### Action item
Take the listing below and write it out again exactly, skipping any picture that it holds.

### Data extract
==================================================

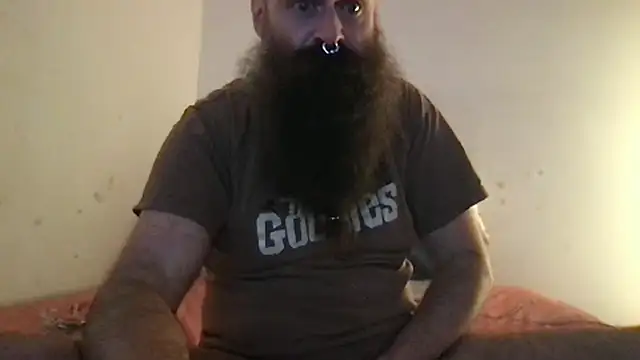 Snapshot of JunkieShitPig chatting on October 2025 08:39:02 PM JunkieShitPig online show from October 2025 08:39:02 PM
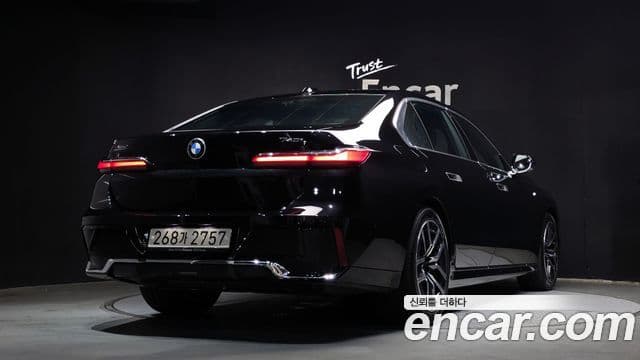 BMW 7 Series 2025 — Şəkil 2/20
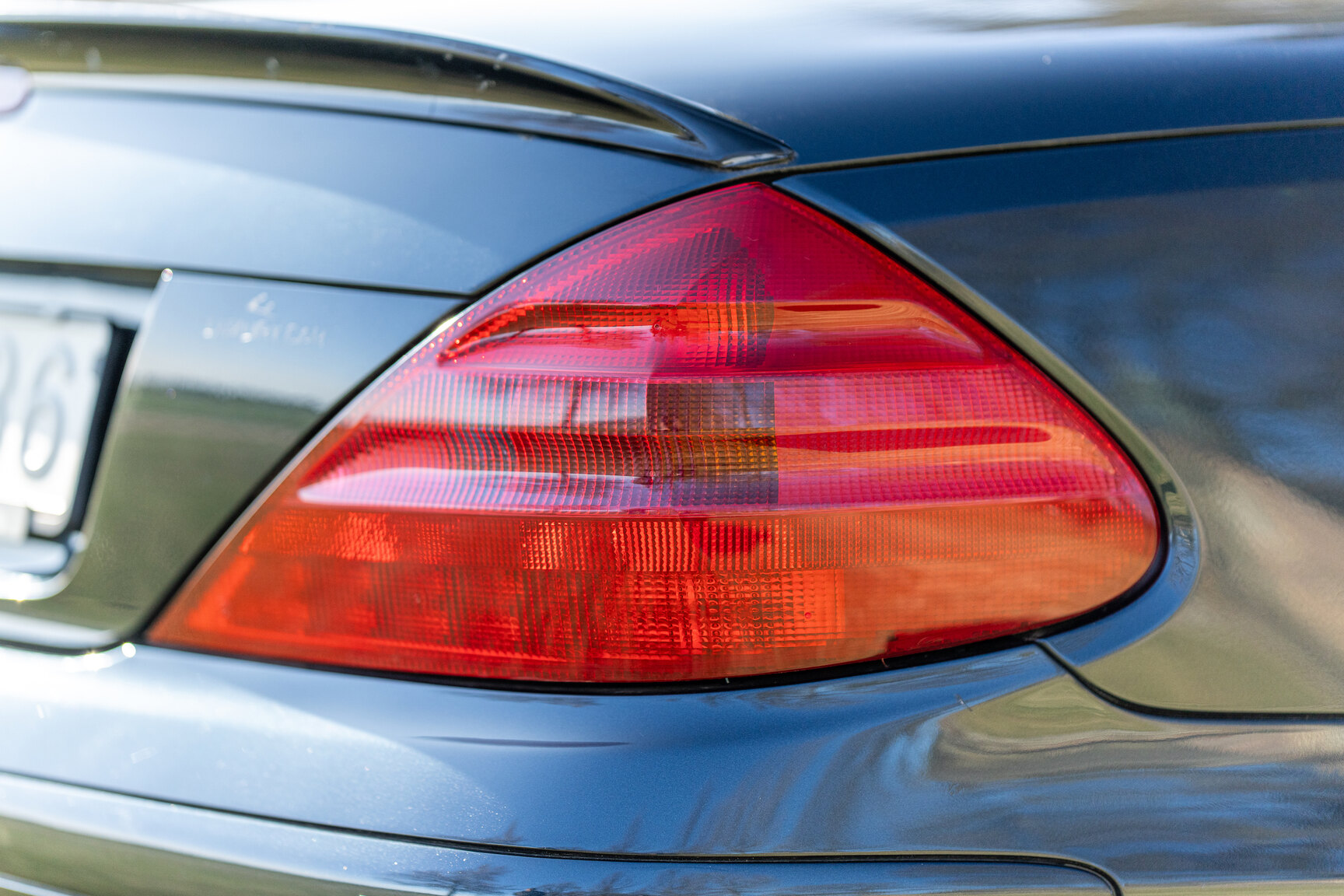 Exterior image of 2002 Mercedes-Benz SL 500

==================================================

### Task output
 Snapshot of JunkieShitPig chatting on October 2025 08:39:02 PM JunkieShitPig online show from October 2025 08:39:02 PM
 BMW 7 Series 2025 — Şəkil 2/20
 Exterior image of 2002 Mercedes-Benz SL 500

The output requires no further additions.